E logo começou a sonhar com a água. Pior do que isso. Começou a se sonhar na água. Ele descia ao fundo do mar, e se via como aquele peixe. Forçava o ar pelas guelras. E acordava sufocado.

– Algum problema no coração, a mulher pensava. Logo morrerá, me deixando sozinha no mundo. Se ao menos tivéssemos tido um filho...

Ele nunca falou dos sonhos, herança do desejo da mulher. Ela nem se imaginou tocando no assunto de praia e crianças.
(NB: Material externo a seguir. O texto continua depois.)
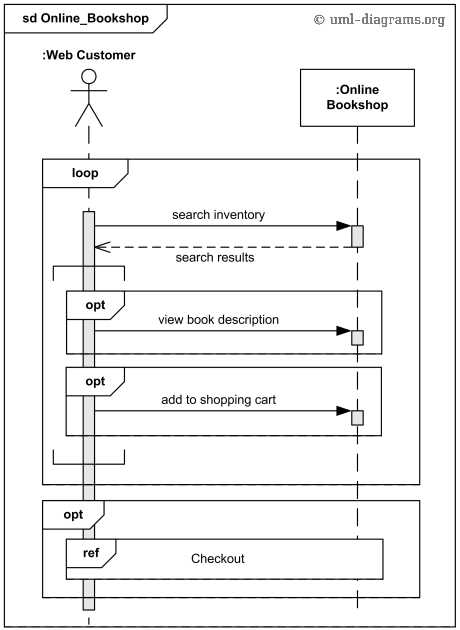 UML sequence diagram example for online bookshop.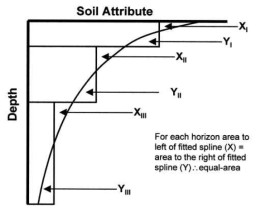 Equal-area quadratic spline (Bishop 등, 1999)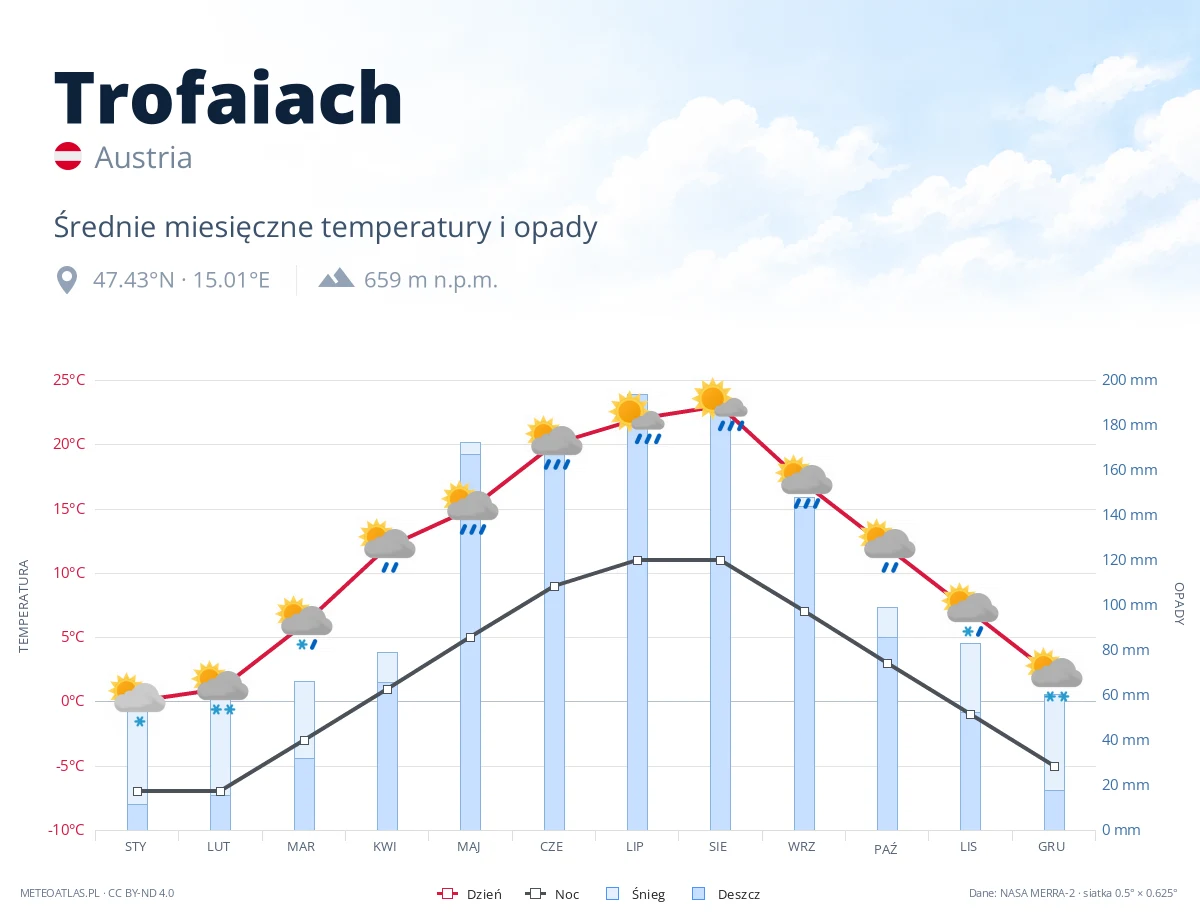 Trofaiach - średnie miesięczne temperatury i opady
Eram dois velhos. Tudo já havia acontecido com eles.

Quando ela morreu, ele continuou com saúde. Nos primeiros meses, não saiu de casa.

– A diferença entre mim e ela é que meu túmulo é mais espaçoso e posso me mover dentro dele – ele se consolava.

Sabia que para poder voltar à vida normal devia secar as fontes da casa. Num dia de mais coragem, foi até o baú e pegou os cartões postais. Queimar? Mas que fogo pode destruir o mar? Então seria melhor rasgar aquelas lembranças. Mas, como a Moisés, o mar se abriria e depois voltaria a se fechar. E não havia um povo sagrado para cruzar a pé por ele. Jogar tudo no lixo, então? Libertado, o mar invadiria a rua, a casa, a cidade. Era melhor que o mar ficasse ali.

Todos os dias, antes de dormir, como se estivesse conferindo a tranca das portas, ele verificava se os saquinhos plásticos com a coleção estavam bem lacrados. À noite, não só se sonhava peixe como ainda ouvia o bater das ondas contra as pedras, num chamamento insistente.

– Não resistimos ao que tememos.

Foi com este argumento que ele se despediu dos amigos, colocando os seus ternos numa mala, e tomou o ônibus para a capital. De lá, iria enfrentar enfim o mar.

O povo não pressentiu coisa boa, mas ele nunca dera liberdades para que se intrometessem em sua vida. Não pediu para que ninguém cuidasse da casa ou pagasse suas contas.

Chegou ao litoral numa manhã de sol. Terno bege, sapatos lustrados e a gravata de funcionário o acompanharam à praia. Lá estava o sorvedouro. Durantes milênios aquelas águas cumpriam o mesmo movimento. Ele se sentou à mesa de um restaurante e passou o dia olhando tudo de longe. Pediu carne para o almoço. Nada de peixes. Levantou-se no meio da tarde, foi direto à areia, pisou na onda com raiva, foi entrando, a água já afogava o nó da gravata quando uma leva maior, furiosa, o derrubou e a corrente o puxou para o fundo.

Foram poucos segundos, mas ele, que sempre tivera interesse pelas coisas, compreendia enfim o que nenhum livro poderia lhe explicar daquela forma, o obscuro maquinismo da respiração dos peixes. Ele acionou as guelras – mas como bem sabia, elas eram inexistentes – e se deixou afogar, pacificado com sua sina de falso anfíbio.

Os jornais no outro dia falaram em suicídio.